PROBLEM TO BE SOLVED: To make convenient the handling of a heat exchanger by coupling the inlet and outlet of plate heat exchanger units being stacked in the thickness direction of a heat transfer plate such that the channels of the same fluid are arrange in series thereby reducing the size of the heat exchanger and the components thereof. SOLUTION: Opposite end parts are formed stepwise in the thickness direction of a heat transfer plate 1a between the openings 2a, 2b and 2c, 2d thereof, the parts at point symmetric position are formed at same level as a whole and parallel grooves 3 are made obliquely in the central part. Furthermore, parallel grooves 3 are made in an intermediate second heat transfer plate 1b contiguous to the parallel grooves 3 in the first heat transfer plate 1a to intersect each other when viewed from the upper surface. When high temperature fluid and low temperature fluid are fed between the openings 2c, 2a and 2d, 2b, as shown by a solid line and an imaginary line, through each channel between a plurality of heat transfer plates 1a, 1b and 1c heat can be exchanged between the fluids flowing on the opposite sides through an intermediate heat transfer plate 1b.

Description

DETAILED DESCRIPTION OF THE INVENTION

[0001]

The present invention relates to a heat exchanger,
In particular, the present invention relates to a heat exchanger including a plate-type heat exchange unit that stacks a plurality of heat transfer plates and secures a flow path in a gap therebetween.

[0002]

2. Description of the Related Art Conventionally, in order to conduct heat transfer between different fluids, a plurality of heat transfer plates are stacked, and a high-temperature fluid and a low-temperature fluid are caused to flow through a gap therebetween to perform heat exchange. There is an exchanger. Not only such a plate heat exchanger, it is desirable that the heat exchanger efficiently exchange heat,
For example, as shown in JP-A-10-259997, a corrugated heat transfer plate provided with a plurality of parallel grooves having a corrugated cross section as a flow path is formed, and a plurality of the corrugated heat transfer plates are formed. There is a configuration in which peaks and valleys of waveforms in adjacent ones intersect each other when stacked. In this way, the corrugated peaks and valleys are stacked so as to intersect using the corrugated heat transfer plate, so that the flow of the fluid is turbulent to promote heat exchange and the differential pressure between the fluids This is to increase the rigidity of the heat transfer plate so as to withstand the heat.

[0003]

However, even in the plate heat exchanger having the above structure, a certain flow path length is required for performing the desired heat exchange. Not only will the size increase in the direction in which the road extends,
The size of the heat transfer plate has increased, and its handling in processing, management, transportation, and assembly of the exchanger has tended to be troublesome.

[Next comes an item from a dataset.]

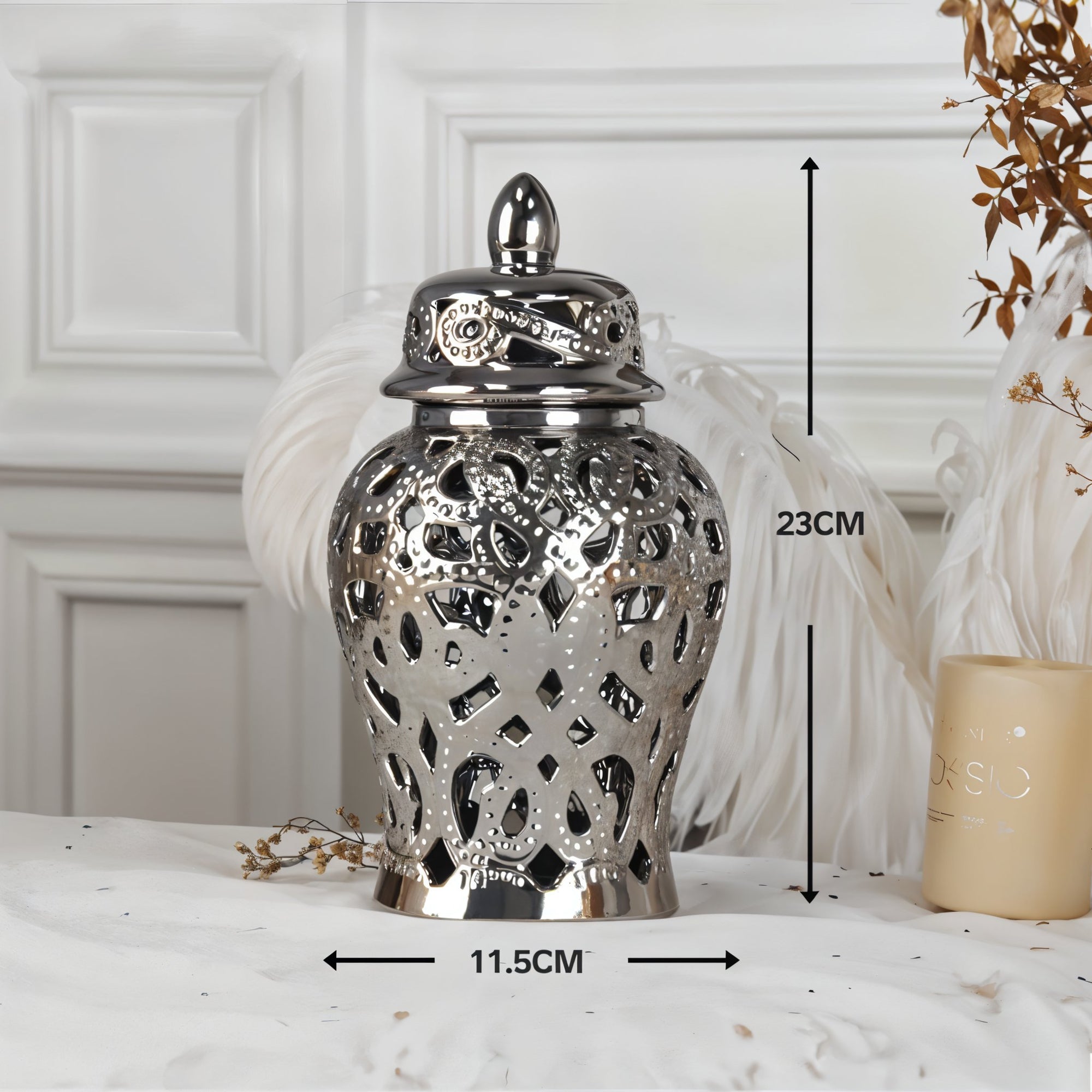 Vaso Imperial Arabesco – Cerâmica Dourada com Design Vazado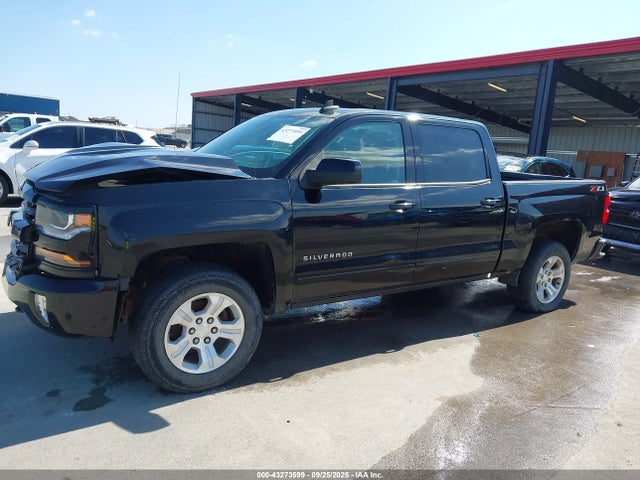 Chevrolet Silverado 1500 2lt 2018 3GCUKREC6JG315806 Image 14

The present invention has been made to solve the above-mentioned problems of the prior art, and has as its object to reduce the size of a heat exchanger and parts and to simplify the handling thereof.

[0005]

According to the present invention, in order to achieve the above-mentioned object, a plurality of heat transfer plates are laminated so that a flow path can be secured therebetween, and the heat flow plates adjacent to each other are provided in the flow paths adjacent to each other. A plate-type heat exchange unit having a plurality of openings formed in each of the heat transfer plates so as to allow different fluids to flow and to communicate flow paths for flowing the same fluid, and to connect inlets and outlets of the respective fluids; In the heat exchanger, a plurality of the plate-type heat exchange units are overlapped in the thickness direction of the heat transfer plate, and the inlet and the outlet of each plate-type heat exchange unit are arranged so that the same fluid flows through the flow passages. Are connected in series.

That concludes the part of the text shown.